Affaire Palmade : la justice exclut l'homicide involontaire pour le fœtus
Ironie des dates : le lundi 4 mars, la même semaine que la journée de la femme et l'inscription de l'avortement dans la Constitution, le parquet de Melun demandait le renvoi en correctionnelle de Pierre Palmade pour « homicide et blessures involontaires ». Cette qualification était de nature à faire évoluer la jurisprudence sur le statut de l'enfant à naître (Le Parisien).
Un an plus tôt en Seine-et-Marne, l'humoriste de 55 ans avait provoqué un grave accident de la route dans lequel une femme enceinte avait perdu son bébé de six mois. Le ministère public souhaitait un « débat » devant le tribunal sur cet éventuel chef d'« homicide involontaire ». Quant à Pierre Palmade, il se déclarait responsable de la mort d'un enfant : « Mon accident a tué ce bébé dans son ventre. Qu'il soit mort avant ou après l'accouchement, le résultat est le même. » (Gala).

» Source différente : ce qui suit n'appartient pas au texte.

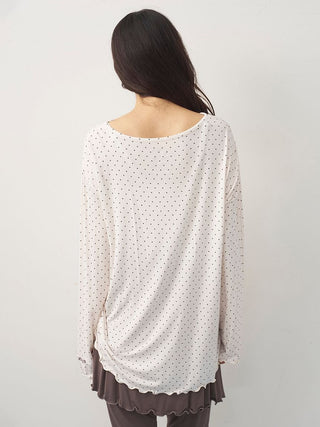 Cool Rayon Gathered Long-sleeved T-shirt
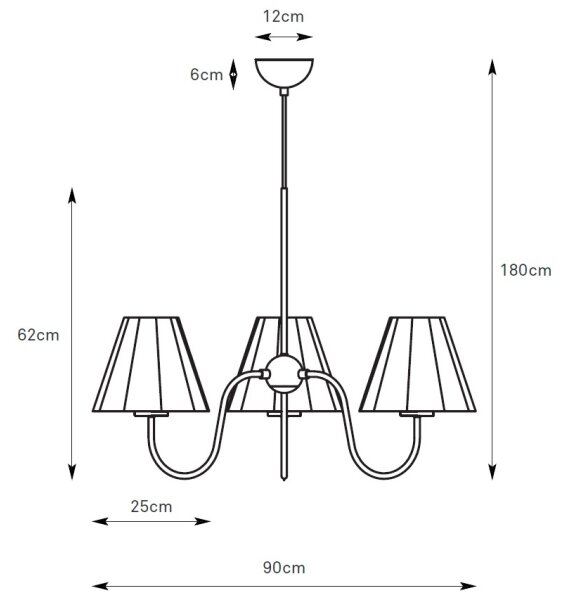 Markslöjd 109172 - Luster na lanku VEYA 3xE14/40W/230V priemer 90 cm ľan/čierna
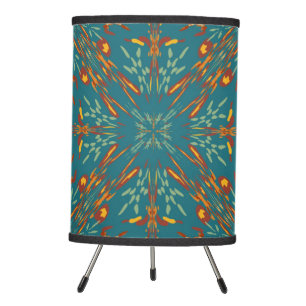 Southwestern Golden Sun Ray Colors Pattern Tripod Lamp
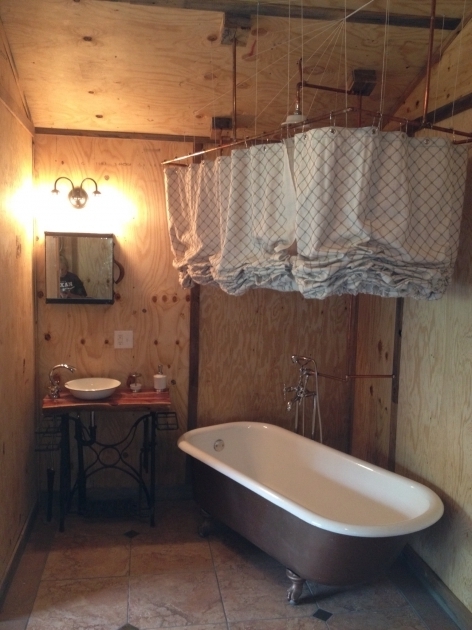Alluring Built In Clawfoot Tub Sewing Machine Sink Clawfoot Tub Shower Curtain Bathroom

La décision revenait in fine au juge d'instruction chargée de l'enquête. Or, le 27 mai, la nouvelle tomba : le magistrat ne suivra pas les réquisitions du parquet, retenant seulement le chef de « blessures involontaires », aggravé par la prise de drogues. Nul ne sera poursuivi pour la perte du fœtus.
Le juge se fonda sur l'expertise que les médecins lui avaient remise le 8 août. Selon eux, l'enfant ne présentait pas de vie extra-utérine à sa naissance (Ouest-France) : « L'état clinique observé (…) immédiatement après son extraction du corps utérin maternel est clairement et indiscutablement celui d'un état de mort constituée : pas de réactivité motrice, pas de mouvement spontané réflexe de respiration… », indiquait ce collège de trois experts agrées par la Cour de cassation.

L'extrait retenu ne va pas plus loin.